I'm wanting to see if I can make this lexical analyzer any more efficient:
Code:
    Private Function Scan(ByVal source As String) As KeyValuePair(Of String, String)()
        Dim lexed As New List(Of KeyValuePair(Of String, String))
        Dim definitions() As KeyValuePair(Of String, String) = {New KeyValuePair(Of String, String)("number", "(-?(\d*[1-9]+)|0)(\.\d+)?"), New KeyValuePair(Of String, String)("number", "([""'])(?:(?=(\\?))\2.)*?\1"), New KeyValuePair(Of String, String)("number", "true|false|null"), New KeyValuePair(Of String, String)("literal", "[\[\]{},.:]")}
        Dim sourceQueue As New Queue(Of Char)(source.ToCharArray)

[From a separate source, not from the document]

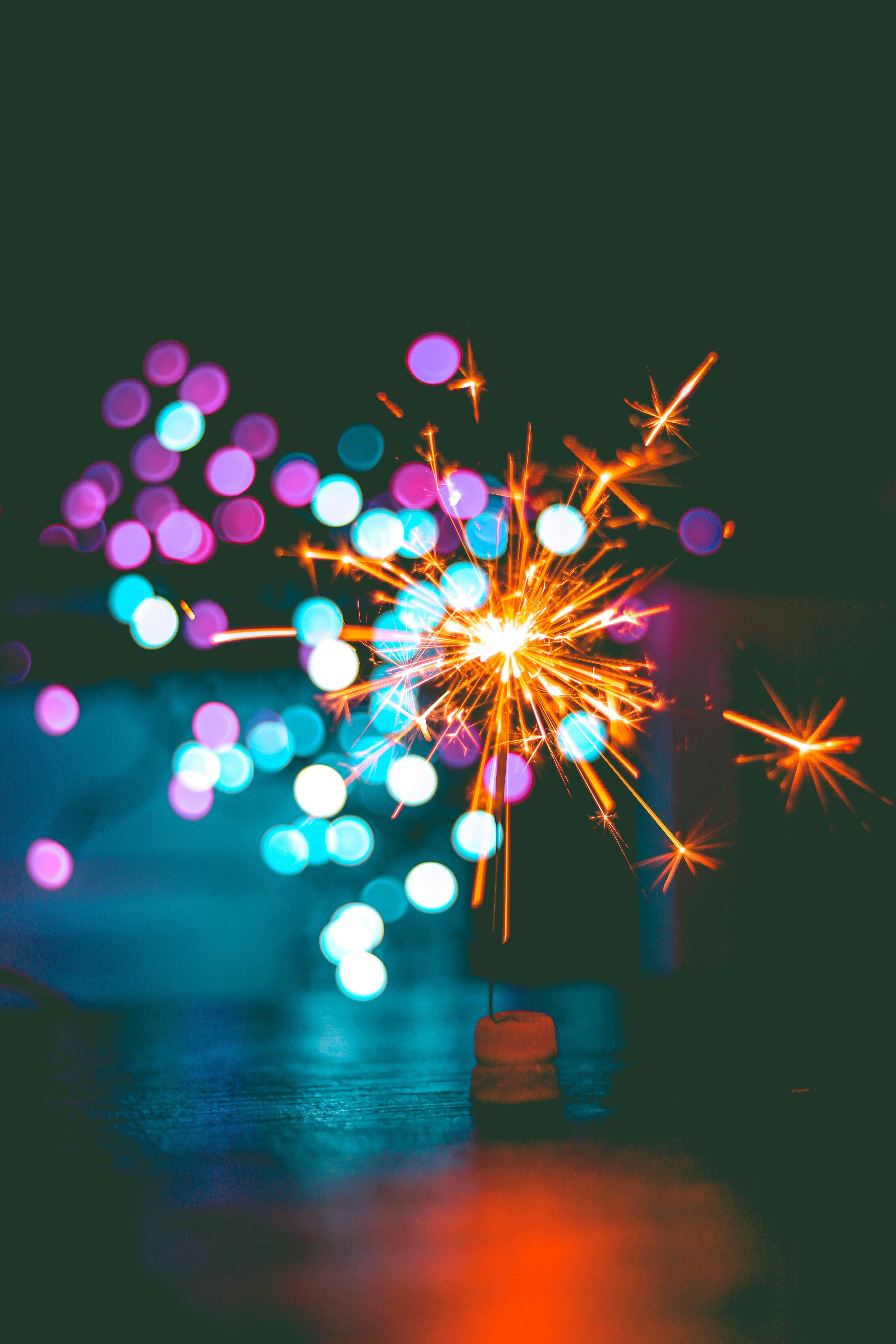 Sparklers burning against a dark background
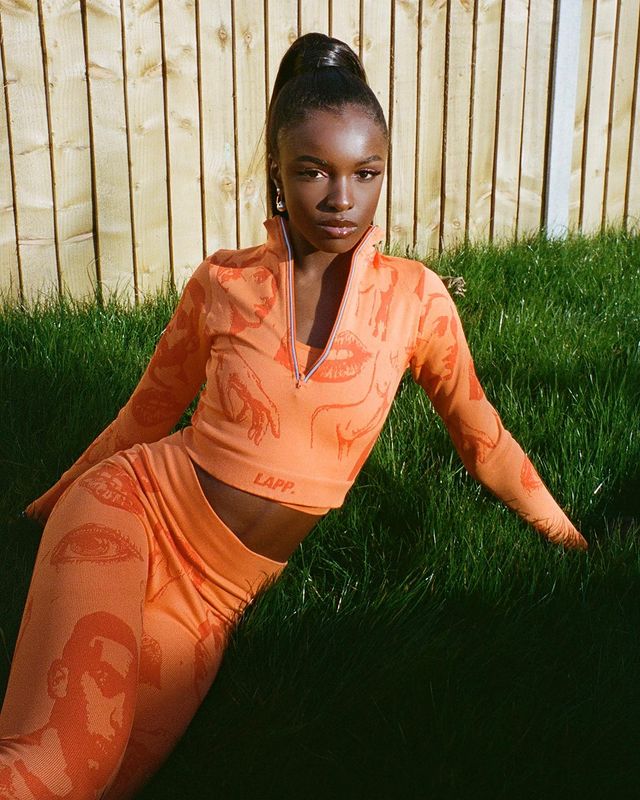 Leomie anderson wearing orange outfit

        Dim currentMatch As Match
        Dim matchDefinition As KeyValuePair(Of String, String)
        Dim currentSource As String
        Do
            currentSource = New String(sourceQueue.ToArray())

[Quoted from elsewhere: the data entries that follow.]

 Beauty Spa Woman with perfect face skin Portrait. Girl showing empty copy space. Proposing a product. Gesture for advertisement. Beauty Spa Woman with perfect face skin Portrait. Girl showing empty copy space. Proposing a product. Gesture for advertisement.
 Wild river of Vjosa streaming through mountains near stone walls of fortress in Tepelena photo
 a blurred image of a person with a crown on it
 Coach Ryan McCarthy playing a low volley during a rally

            matchDefinition = definitions.FirstOrDefault(Function(d)
                currentMatch = New Regex(d.Value).Match(currentSource)
                Return currentMatch.Success AndAlso currentMatch.Index = 0
            End Function)
            If Not String.IsNullOrWhiteSpace(matchDefinition.Key) Then
                lexed.Add(New KeyValuePair(Of String, String)(matchDefinition.Key, currentMatch.Value))

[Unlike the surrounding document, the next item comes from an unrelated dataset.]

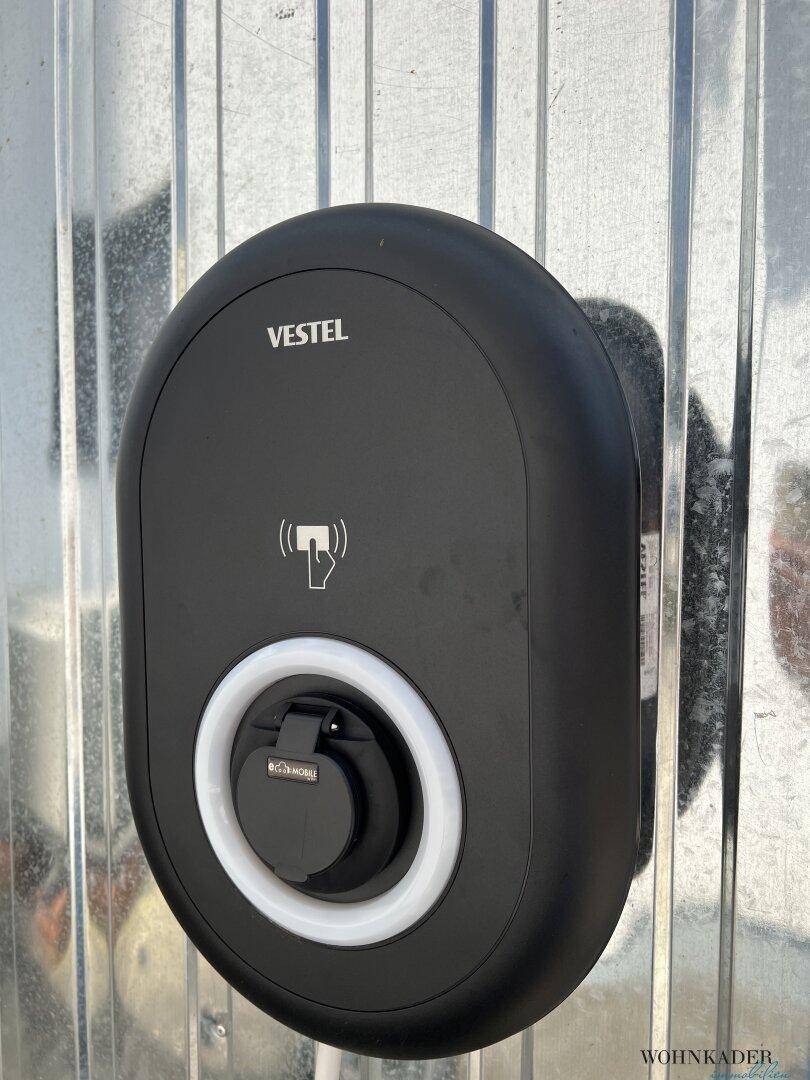 Moderne Ladestation für Elektrofahrzeuge an einer Außenwand, bereit zur Nutzung.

                For x As Integer = 0 To currentMatch.Value.Length - 1
                    sourceQueue.Dequeue()
                Next
            Else
                Throw New InvalidProgramException(String.Format("'{0}' Invalid Character", sourceQueue.Peek))
            End If
        Loop Until sourceQueue.Count = 0

        Return lexed.ToArray()
    End Function
Basically the way that it works right now is:
  1. Create a function that returns a KeyValuePair(Of String, String) where the Key is the category name and the Value is the lexeme.
  2. Define the definitions by creating a collection to hold KeyValuePair(Of String, String) where the Key is the category name and the Value is the matching RegEx pattern.
  3. Create a Queue(Of Char) populated with all the Chars that make up the source.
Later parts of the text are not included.